Blackley, who helped promote the World Cup 1974 book having been a member of the Scotland squad while a player with Hibs, believes it is “very difficult” to see how the Easter Road side can avoid the nightmare scenario of losing their top-flight status as they prepare to face either Hamilton Accies or Falkirk in a Premiership play-off final. Blackley, who also managed Hibs in the 1980s, yesterday backed Terry Butcher to re-ignite the club.
However, Blackley fears yet another transitional period in the club’s history might have to take place in the Championship, because he does not know where the goals will come from next week, while the team always seem likely to concede. “It’s a recipe for disaster,” said Blackley, who, in Scottish Cup final week, can boast of associations with both Dundee United and St Johnstone, where he enjoyed spells as assistant manager.
However, it was the plight of Hibs which occupied his mind yesterday, following a weekend when Butcher’s side guaranteed themselves two further fixtures on which rest their Premiership future. Blackley would like to see Butcher and Maurice Malpas, his assistant, handed time to turn things round.
It is particularly dismaying for Blackley to observe the struggles that Hibs currently have in front of a goal. In certainly his first spell as a player at the club, scoring was never an issue. A team does not become known as Turnbull’s Tornadoes for being goal-shy.
“I really do think Terry and Maurice are the men for the job,” said Blackley. “But they have got to have time to make changes. There has to be a change at Hibs, they’ve done nothing for a number of years now.
“They have to change the squad,” he added. “There is a failing in the group and you have to look at the players. Terry has to bring his players in – guys he thinks can do a job.”
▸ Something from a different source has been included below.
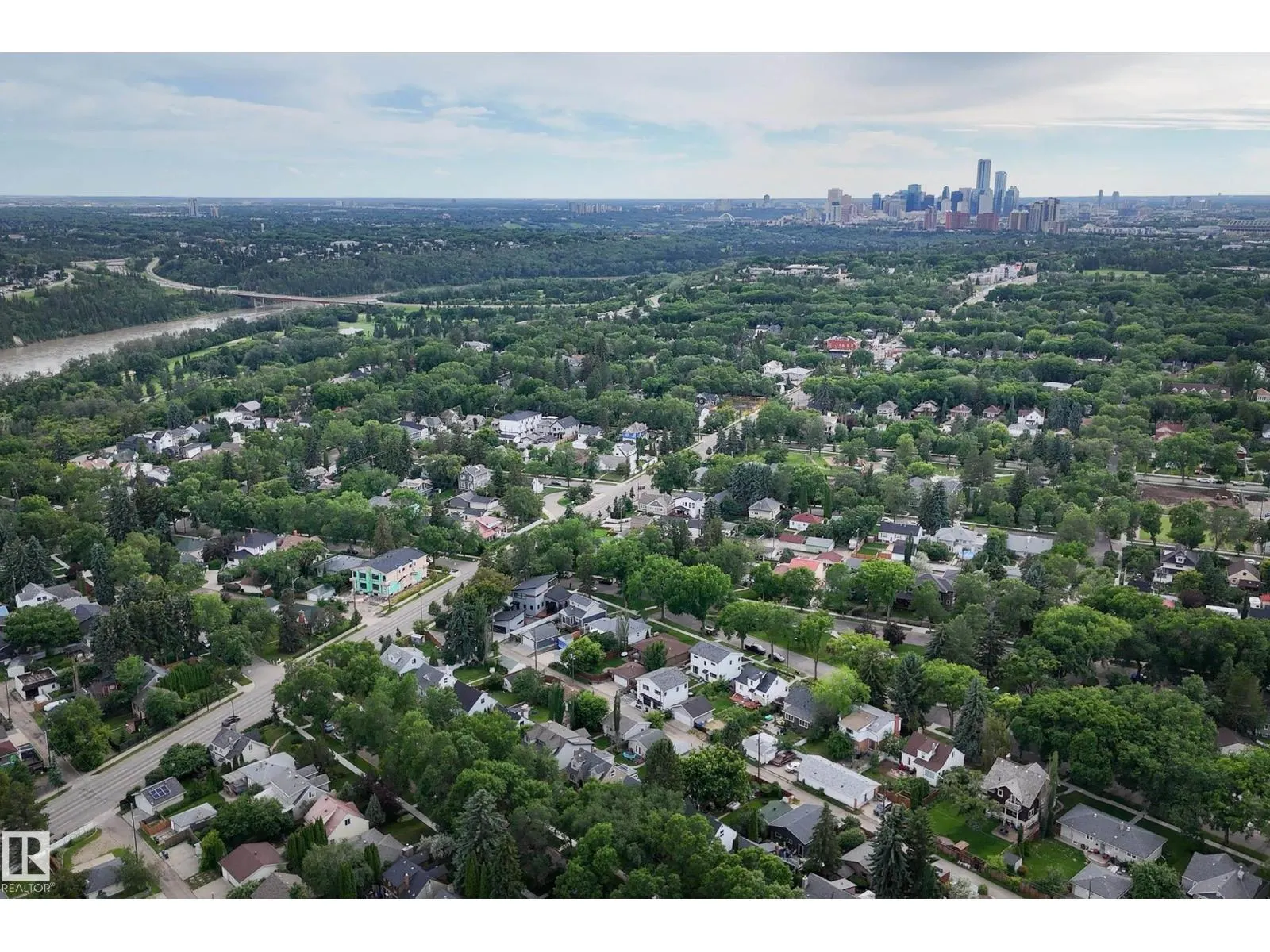 11210 60 ST NW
As much as it pained him to say it, Blackley says he has prepared himself for Hibs to be relegated. “They’ve no goals and they keep giving away goals at the back,” he said. “It’s a recipe for disaster. Where are they going to get their next win? They’ve got to try and get it over the next two games. I think it is going to be very difficult for them to stay up,” he added. “Obviously I’d like them to stay up, but it’s a difficult situation. And there is no guarantee they’d come straight back up because the Championship is going to be a very competitive league next year. There is going to be a lot of money in it. There’s Hearts, there’s Rangers and there is possibly Dunfermline. It’s going to be a fantastic league to be involved in but only two teams will have the chance to get out of it.”
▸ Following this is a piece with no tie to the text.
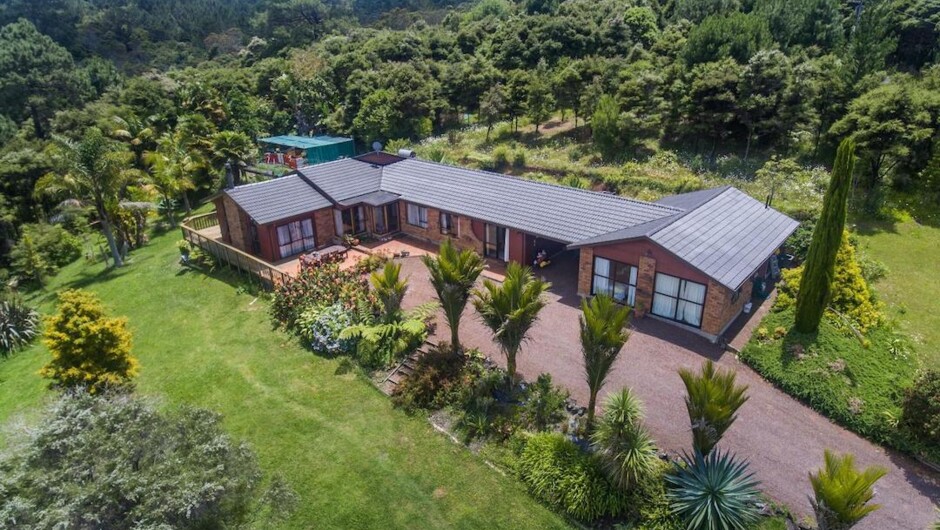 Romantic suburban villa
Blackley managed Hibs for just under two years between 1984 and 1986, after succeeding Pat Stanton, whom he had assisted. This is not a time remembered for success in the league, although Hibs’ record under Blackley is certainly favourable in comparison to the team’s current predicament, having won only once in 19 matches. Blackley also steered Hibs to a League Cup final and gave Gordon Durie an opportunity to break into the first team. Given the financial restrictions at the time, avoiding relegation was judged to be something of an achievement.
Butcher will not be treated to such a sympathetic assessment, even if he manages to lead Hibs to victory in the play-off. In a statement posted on the official Hibs website on Sunday night, chairman Rod Petrie described 11th place in the table as a “dismal outcome” and “well below the capabilities of the management team and the players”.
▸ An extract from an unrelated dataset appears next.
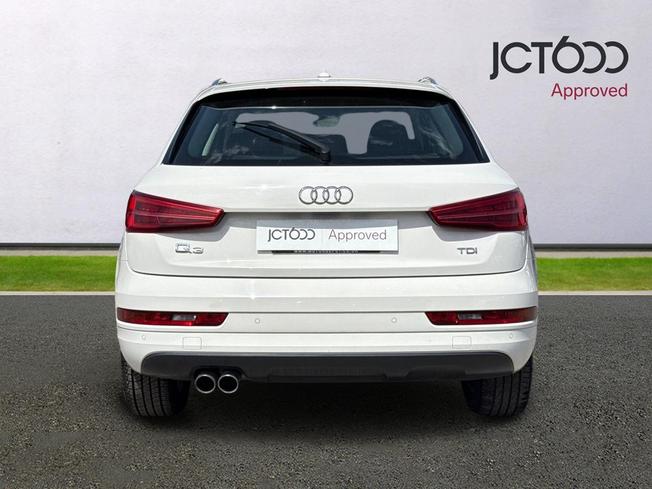AUDI Q3 Photo 7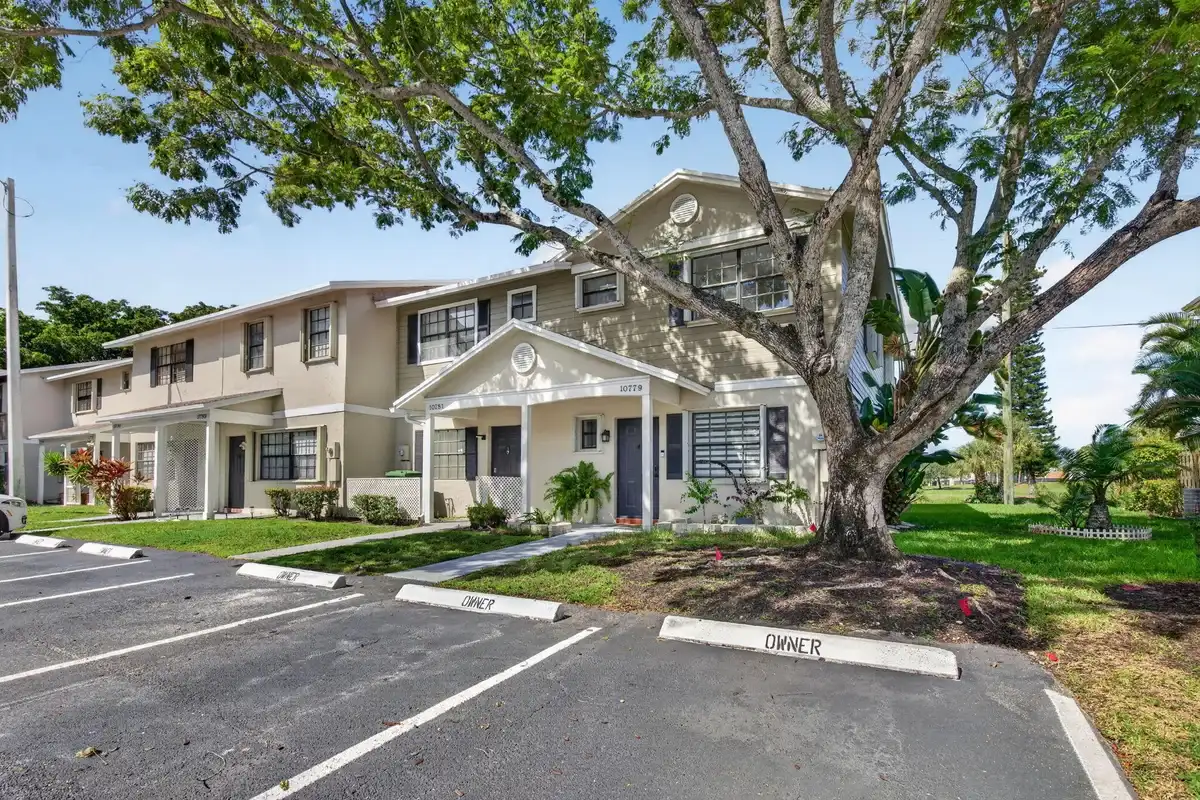 10779 NW 11th St, Pembroke Pines: photo 1 of 52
Butcher is not the first to have encountered difficulties in the manager’s chair at Easter Road. Asked whether Hibs were a difficult club to manage, Blackley remarked that he found it hard because he was trying to push through change too quickly. He blames himself to a degree now. “I look back on my term and I always felt I had to get Hibs going in two years, rather than in four or five years,” he said. “I didn’t like what was happening when I was manager, but I created my own problems.
“It wasn’t the chairman, Kenny Waugh, or the Press, it was me. I was picking the team and taking the training, but I found it difficult to handle the Press. And I found it difficult to handle the chairman because sometimes we didn’t see eye to eye. But he was a decent man and I got lucky and became an assistant manager, which I was much better suited to.”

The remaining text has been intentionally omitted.